BEPS Action 1 – Where are we?
Widening the tax rules to address the evolving digital economy is a regular talking point for many. Channing Flynn, partner and global digital tax leader, and Jennifer Cooper, senior manager of international tax services, at EY highlight what’s next on the agenda.
The evolution of tax rules is gathering pace to keep up with the digital economy
As countries move toward implementing the recommendations of the other OECD BEPS recommendations, the OECD has refocused its attention on Action 1 (addressing the tax challenges of the digital economy) announcing an updated timetable for completion of its work. The OECD is likely to re-test the hypothesis that the digital economy heightens BEPS risks and to review the effectiveness of other BEPS action items in combating those risks.
More specifically, it seems likely that during the next few months, the OECD will draw on certain measures already implemented unilaterally by certain countries – such as the UK's 'avoided PE' (permanent establishment) concept and India's equalisation levy. No doubt it will also draw on the work currently being undertaken by the EU, discussed below.
The OECD's 2015 final report on Action 1 concluded that certain key features of digital business models exacerbate BEPS risks, but that it would be difficult, if not impossible, to ring-fence the digital economy from the rest of the economy for tax purposes.
Some features highlighted as matters of particular concern were the mobility of functions, the definition of taxable nexus, the importance of data and the difficulty in characterisation of certain transactions in new and emerging business models. Some of these issues were expected to be addressed by other BEPS actions, such as changes to the definition of PE. The OECD also analysed – but stopped short of recommending – some new options, including a new definition of nexus based on "significant economic presence", a withholding tax for certain digital transactions and an equalisation levy.
A stakeholder consultation on the next steps is scheduled to take place in San Francisco in November, followed by an interim report in April 2018 – a slightly faster pace than might have been expected when the 2015 report was released. It is not yet clear how substantive this interim report will be, however. As the OECD noted in June 2017, the effects of the digital economy are far-reaching, and digital business models are still stabilising across a number of sectors.
At the same time, it is clear that governments are becoming increasingly concerned about the digital economy. While the US has been seen as resistant to change in this area, other countries appear willing to move ahead with reform, and there are broadly three types of reform that might be envisaged.
First, a global response (excluding the US) could be agreed by countries, e.g. as facilitated under the OECD Action 1 task force. Alternatively, as the trends to date would suggest, we might see more countries taking unilateral action. This second option would increase the chance of double taxation, which may not be covered by tax treaties. Third, some compromise of the above may see groups of countries agreeing to rules or approaches among themselves. For example, the recent EU Economic and Financial Affairs Council meeting focused on the digital economy, and the EU is moving forward with assessing the viability of two measures – in the short-term, an equalisation levy, and a longer-term, a model focused on the adoption of a 'digital PE' definition. The EU's work on these options is expected to progress quickly, with further details expected to be released during the final quarter of 2017.

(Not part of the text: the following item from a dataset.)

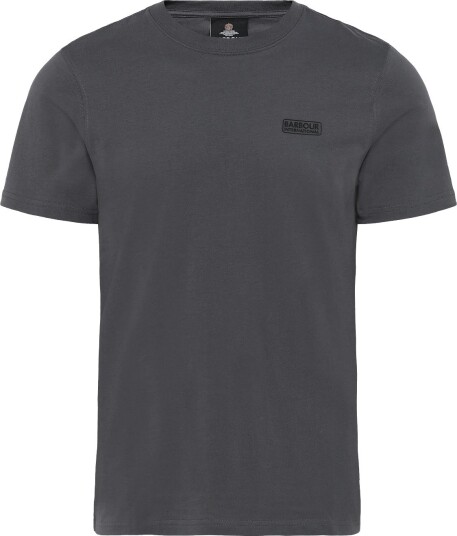 Barbour B.intl Small Logo T Shirt   ASPHALT   S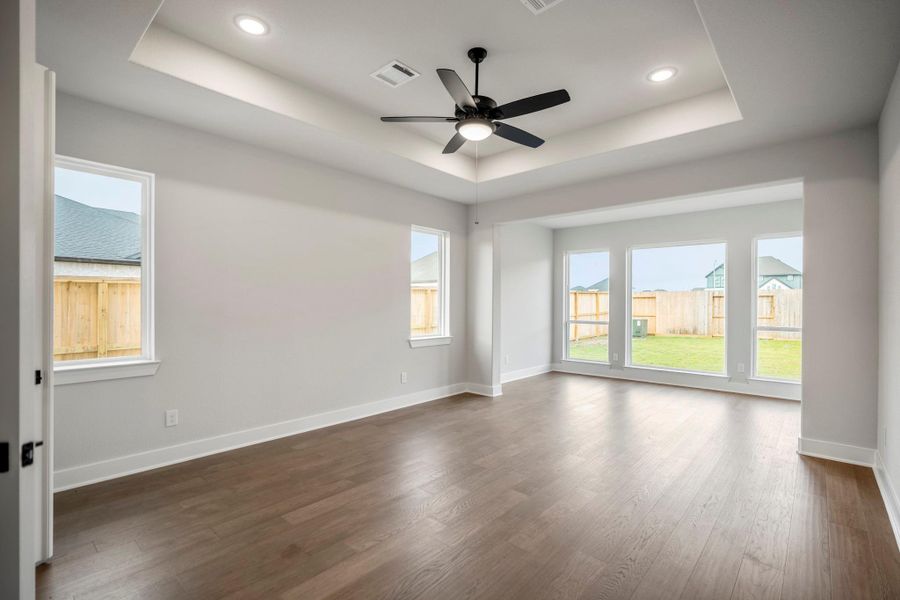 Spacious, unfurnished interior of a new home in Jubilee, Hockley (Image 31). Spacious, unfurnished interior of a new home in Jubilee, Hockley (Image 31).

In any case, recent activity shows that, at the very least, governments have a shared ambition to make progress. For businesses, this indicates that they should not be complacent in thinking that changes to international tax laws are not on the horizon, and they should familiarise themselves with the options and their potential impact.
Channing Flynn is partner and global digital tax leader at EY, and Jennifer Cooper is a senior manager in EY international tax services. The views reflected in this article are the views of the author and do not necessarily reflect the views of the global EY organisation or its member firms.